▶ **WORK REQUEST**: The lines below, from the one holding "Photo 24 Volvo" through the one holding "2025 Porsche 911 Coupe photo 3", are to be restated word for word, with all images left out.

▶ **PROVIDED RECORDS**:
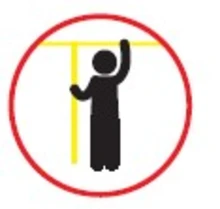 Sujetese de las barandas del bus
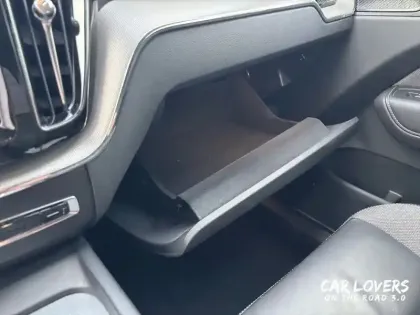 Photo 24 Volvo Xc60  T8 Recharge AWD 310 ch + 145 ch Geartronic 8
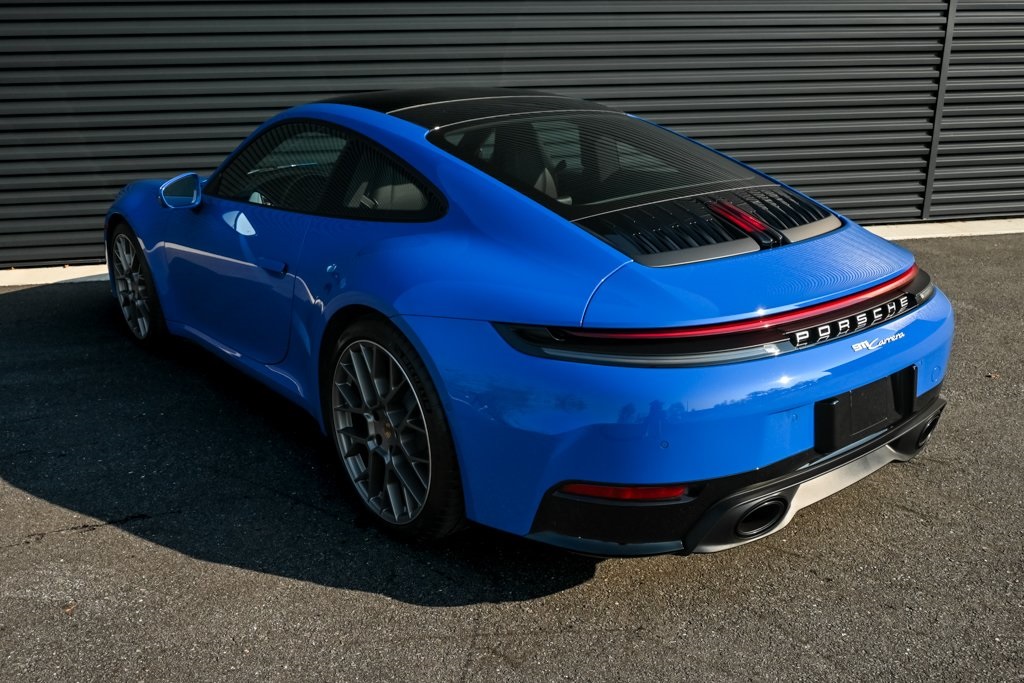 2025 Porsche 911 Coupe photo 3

--

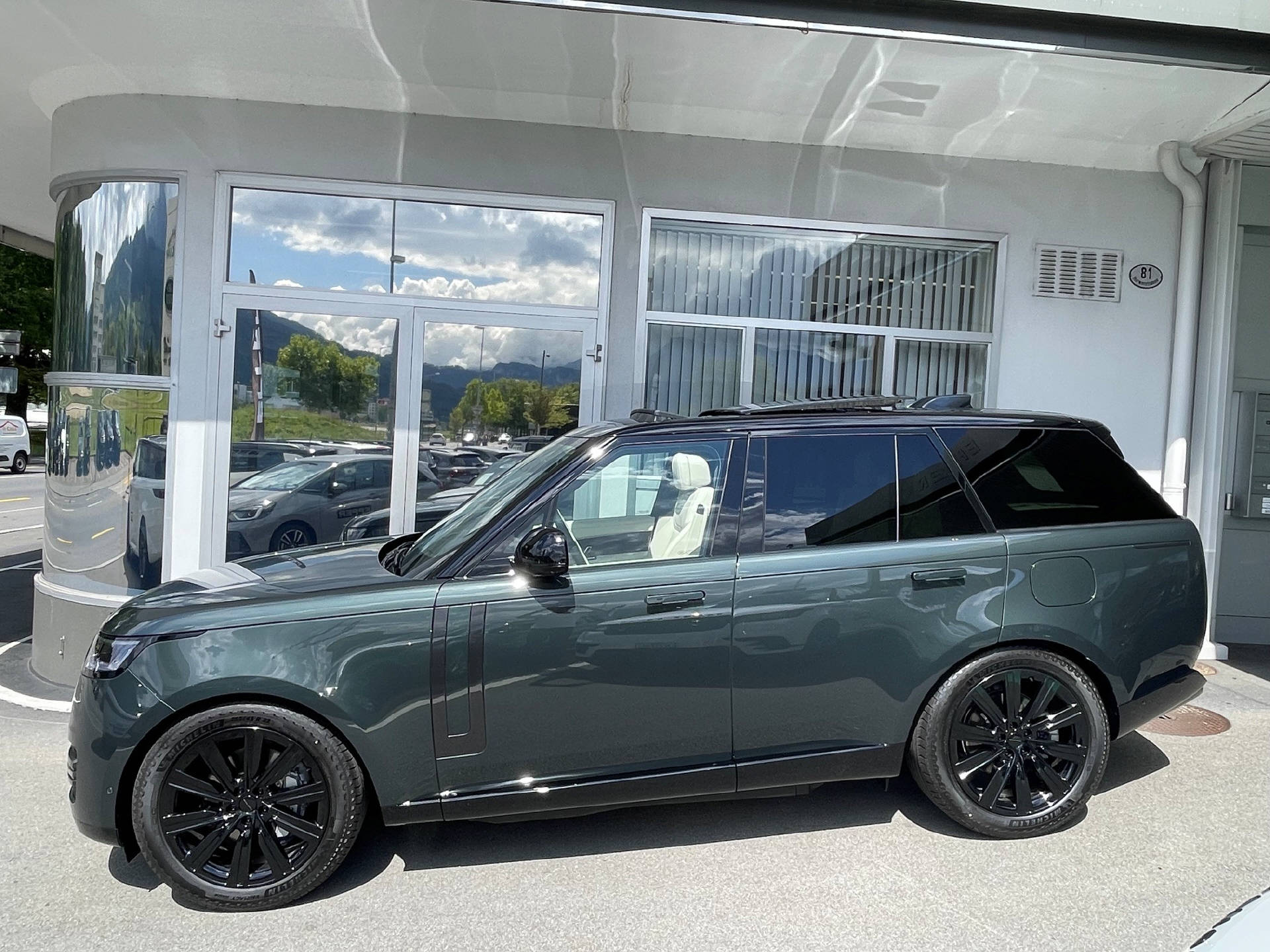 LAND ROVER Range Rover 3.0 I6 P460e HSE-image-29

--

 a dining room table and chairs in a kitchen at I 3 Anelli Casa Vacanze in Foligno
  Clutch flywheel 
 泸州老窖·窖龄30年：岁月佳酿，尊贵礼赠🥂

▶ **ANSWER SECTION**:
 Photo 24 Volvo Xc60  T8 Recharge AWD 310 ch + 145 ch Geartronic 8
 2025 Porsche 911 Coupe photo 3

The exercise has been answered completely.